JPMorgan’s crypto analysts say ether and the broader altcoin market are unlikely to close their performance gap with bitcoin without a meaningful pickup in on‑chain activity, DeFi adoption and real‑world use cases. The bank’s note, led by Nikolaos Panigirtzoglou, contrasts bitcoin’s stronger institutional metrics with ether’s lagging position as BTC trades well above ETH.
ETF flows and futures positioning
JPMorgan highlights that bitcoin spot ETFs have recovered roughly two‑thirds of the outflows tied to the Iran conflict selloff, while ether spot ETFs have only recovered about one‑third. CME futures positioning in bitcoin has returned close to pre‑crash levels; ether futures have not. That differential, the bank argues, is one reason institutional capital continues to prefer bitcoin.

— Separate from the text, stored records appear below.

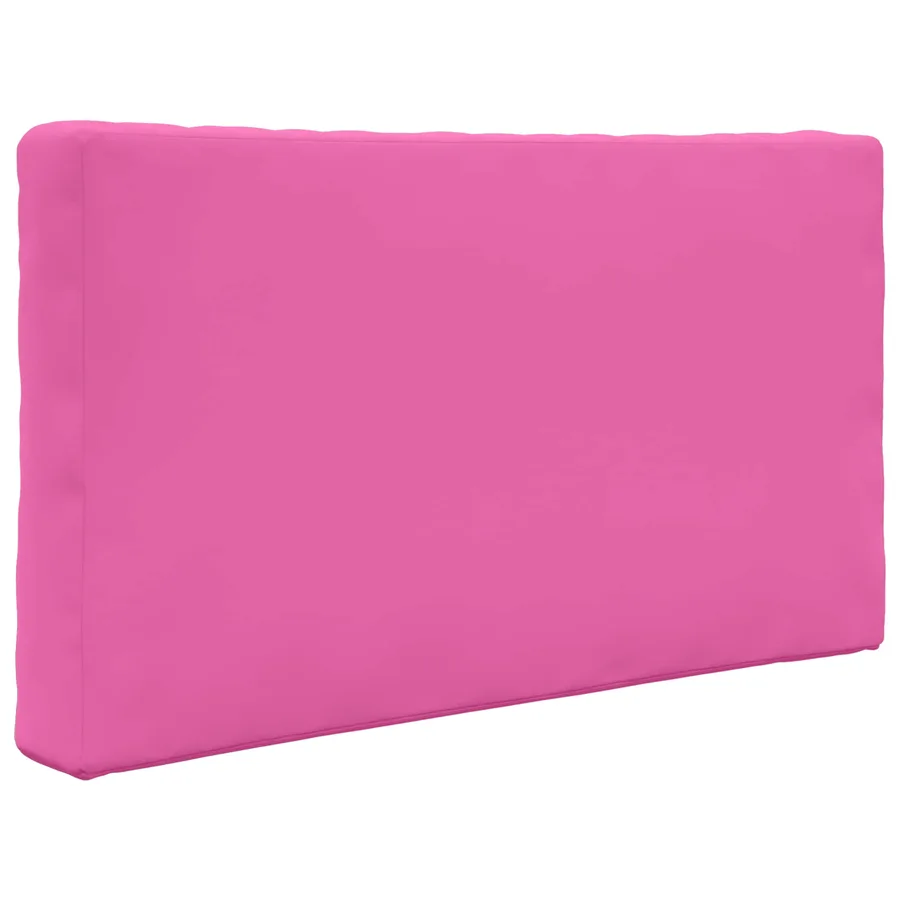 Coussin de canapé d'extérieur 3 pcs Rose Polyester - 5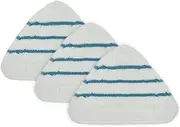 HUVNEXA 3Pcs Steam Mop Replacement Pads Triangle Washable Cloth Cleaning Floor Microfiber Mop Head Pad Steam Mop Fittings Steam Cleaner Replacement Parts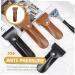 Beavorty Razor Storage Case - Travel-Friendly PU Cover for Shaving Razors Stylish Brown Design 16.5x4.2x1cm - Buy Online on GoSupps.com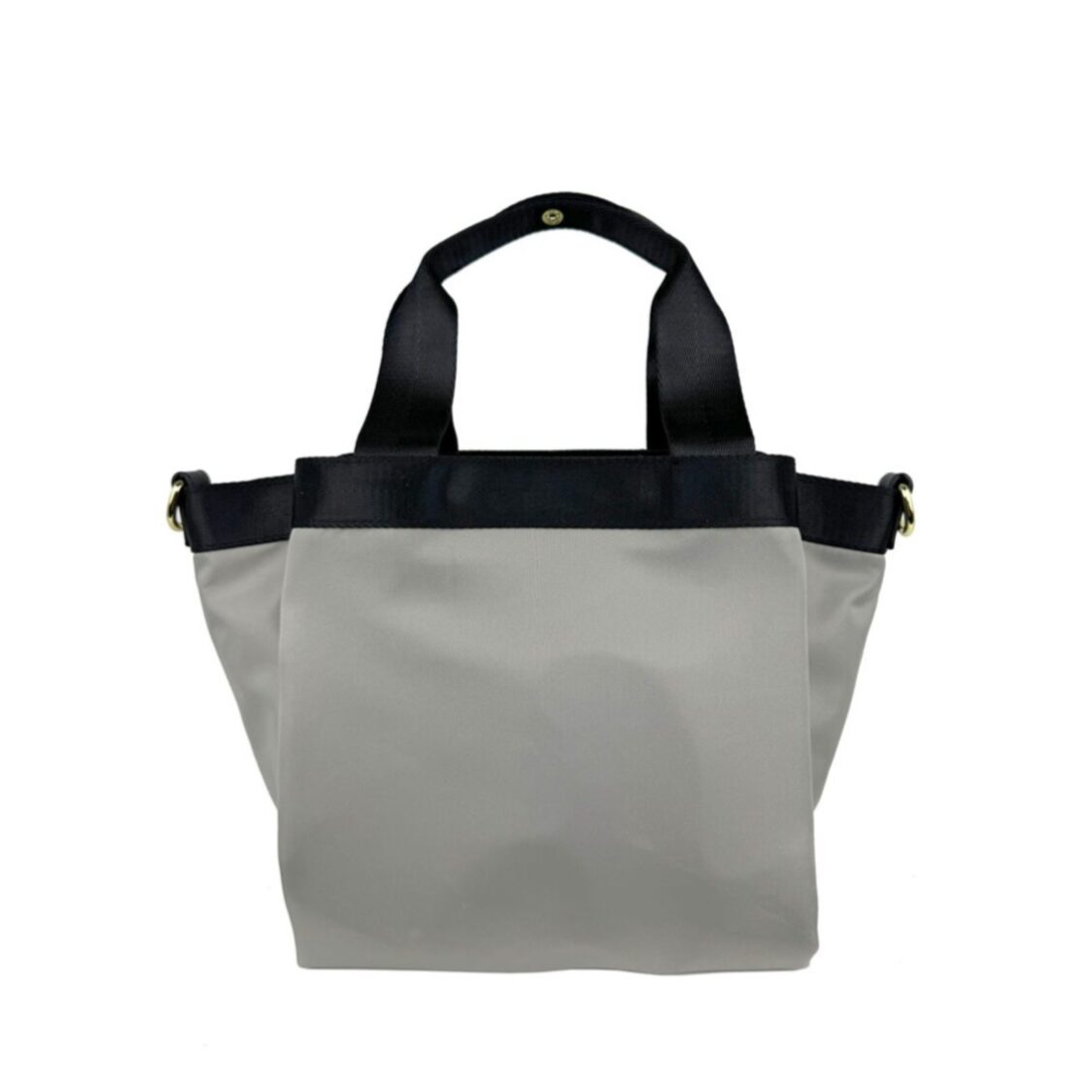 Mel&Co Nylon Satchel Top Handle With Font Zip Pocket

Why upgrades alone may not help
Ethereum’s upcoming upgrades—named Glamsterdam and Hegota—aim to boost scalability and lower transaction costs. JPMorgan cautions, however, that past protocol improvements have not reliably translated into stronger main‑chain demand. Lower fees and reduced Layer‑2 costs can weaken ETH burning and, in some cases, increase net supply unless user demand rises enough to offset it. In short, technical upgrades alone won’t drive a durable price rotation toward ether unless they produce meaningful increases in usage.
Altcoin market headwinds
Beyond ETH, the bank points to several structural weaknesses in the altcoin space that have hampered performance since 2023: thinner liquidity, weaker market depth and breadth, slower DeFi growth, and recurring hacks and security breaches. These factors have eroded investor confidence and discouraged fresh institutional allocations. Momentum managers, CTAs and quant funds have remained cautious after October’s deleveraging events, keeping conservative exposure to both assets but favoring bitcoin.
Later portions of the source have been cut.